**EXERCISE PROMPT**
Leave out the pictures and retype exactly the lines from the line with "8 pairs of elite socks" through the end of the listing below.

:: DATA EXCERPT ::

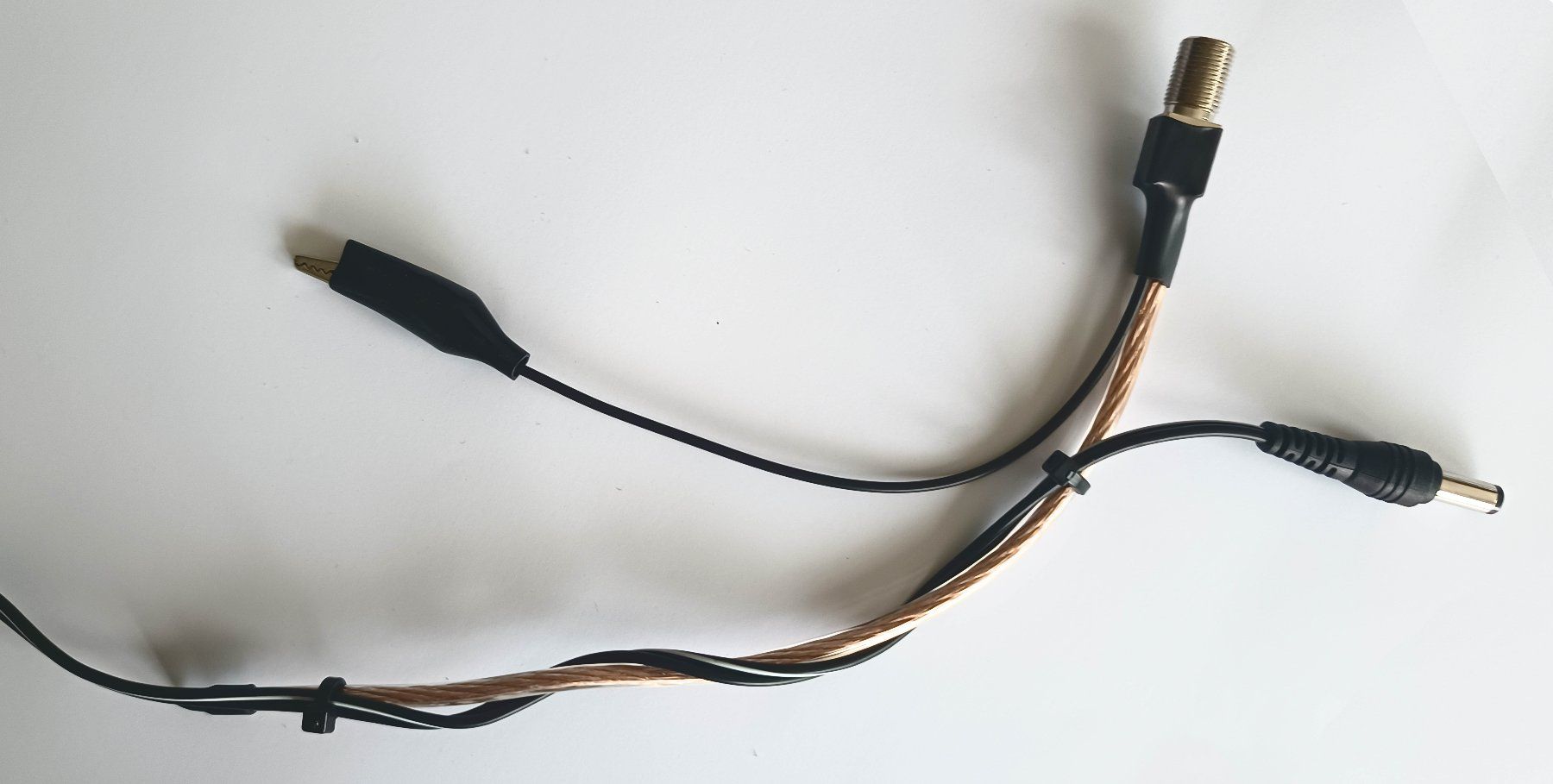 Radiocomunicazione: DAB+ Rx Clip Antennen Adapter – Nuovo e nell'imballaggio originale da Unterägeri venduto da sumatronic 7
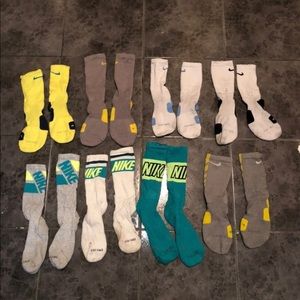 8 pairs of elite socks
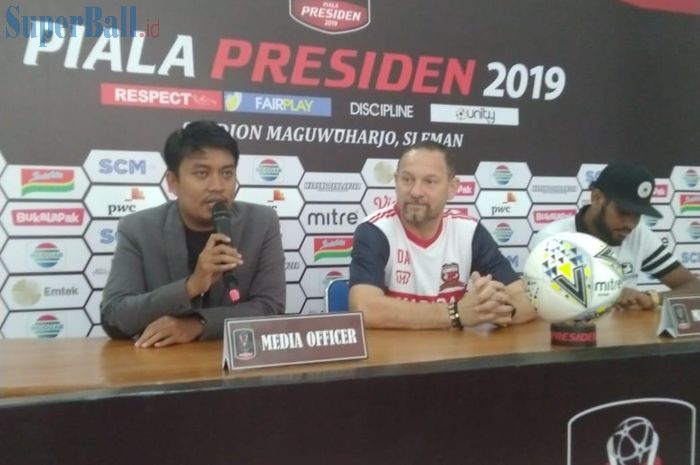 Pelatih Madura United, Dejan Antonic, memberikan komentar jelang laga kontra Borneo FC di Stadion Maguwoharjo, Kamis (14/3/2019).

:::

**YOUR RESPONSE**
 8 pairs of elite socks
 Pelatih Madura United, Dejan Antonic, memberikan komentar jelang laga kontra Borneo FC di Stadion Maguwoharjo, Kamis (14/3/2019).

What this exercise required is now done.